Query reexecution provides a facility to re-run the query multiple times in case of an unfortunate event happens.
Introduced in Hive 3.0 (HIVE-17626)
ReExecition strategies
Overlay
Enables to change the hive settings for all reexecutions which will be happening. It works by adding a configuration subtree as an overlay to the actual hive settings(reexec.overlay.*)
set zzz=1; set reexec.overlay.zzz=2; set hive.query.reexecution.enabled=true; set hive.query.reexecution.strategies=overlay; create table t(a int); insert into t values (1); select assert_true(${hiveconf:zzz} > a) from t group by a;
Every hive setting which has a prefix of "reexec.overlay" will be set for all reexecutions.
A more real life example would be to disable join auto conversion for all reexecutions:
set reexec.overlay.hive.auto.convert.join=false;
Reoptimize
During query execution; the actual number passing rows in every operator is tracked. This information is reused during re-planning which could result in a better plan.

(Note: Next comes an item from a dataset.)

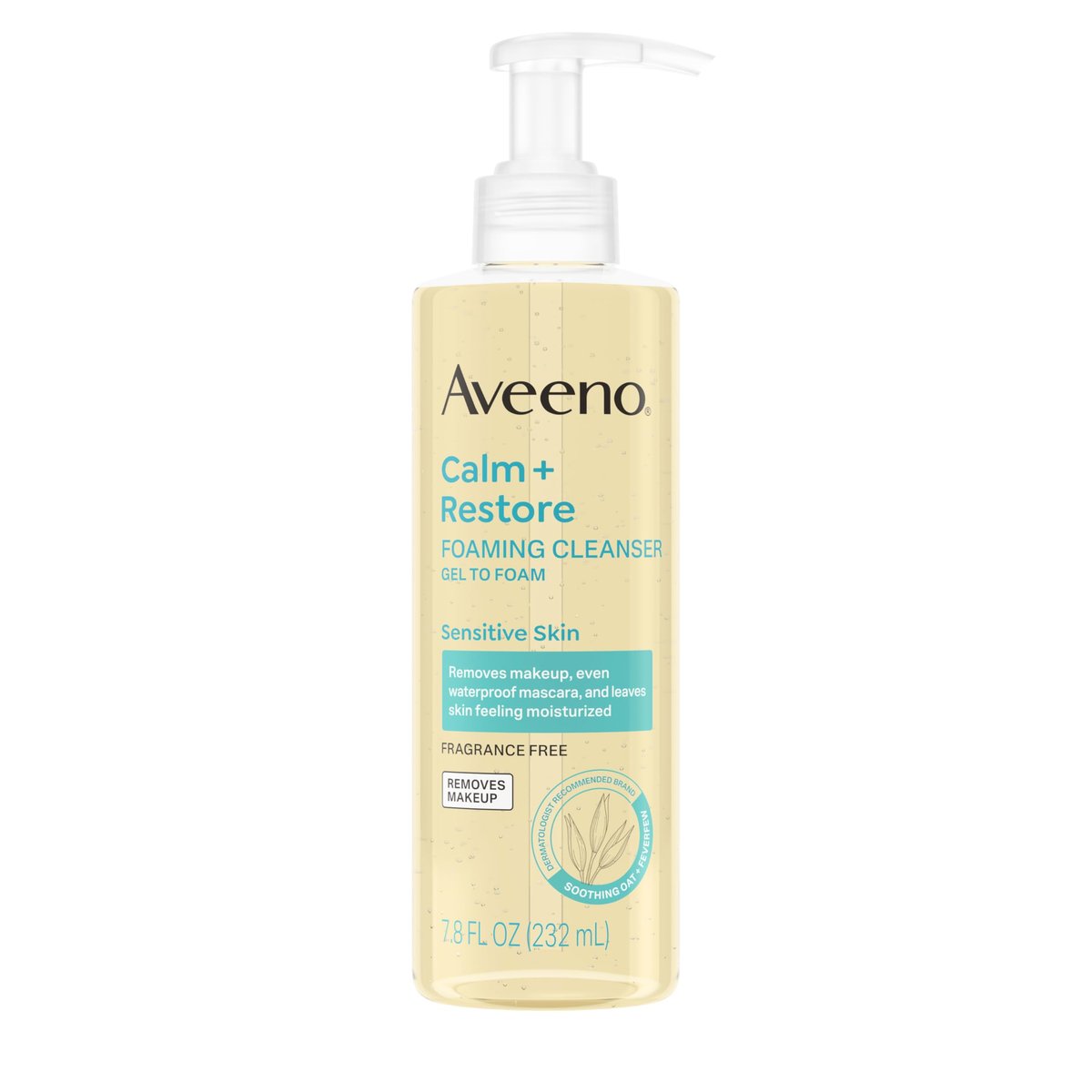 Aveeno Calm + Restore Reinigungsschaum für empfindliche Haut, tägliche Gesichtsreinigung, entfernt sanft Make-up & reinigt die Haut mit beruhigendem Hafer, Mutterkraut & Hyaluronsäure, parfümfrei, 230 ml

Situation in which this would be needed:
- missing statististics
- incorrect statistics
- many joins
It's not that easy to craft queries which will lead to OOM situations; but to enable it:
set hive.query.reexecution.strategies=overlay,reoptimize;
Operator Matching
Operator level statistics are matched to the new plan using operator subtree matching this also enables to match the information to a query which have "similar" parts.
Configuration
Configuration | default | |
---|---|---|
hive.query.reexecution.enabled | true | Feature enabler |
hive.query.reexecution.strategies | overlay,reoptimize | reexecution plugins; currently overlay and reoptimize is supported |
hive.query.reexecution.stats.persist.scope | query | runtime statistics can be persisted:
|
hive.query.reexecution.max.count | 1 | number of reexecution that may happen |
hive.query.reexecution.always.collect.operator.stats | false | Enable to gather runtime statistics on all queries. |
hive.query.reexecution.stats.cache.batch.size | -1 | If runtime stats are stored in metastore; the maximal batch size per round during load. |
hive.query.reexecution.stats.cache.size | 100 000 | Size of the runtime statistics cache. Unit is: OperatorStat entry; a query plan consist ~100. |
runtime.stats.clean.frequency | 3600s | Frequency at which timer task runs to remove outdated runtime stat entries. |
runtime.stats.max.age | 3days | Stat entries which are older than this are removed. |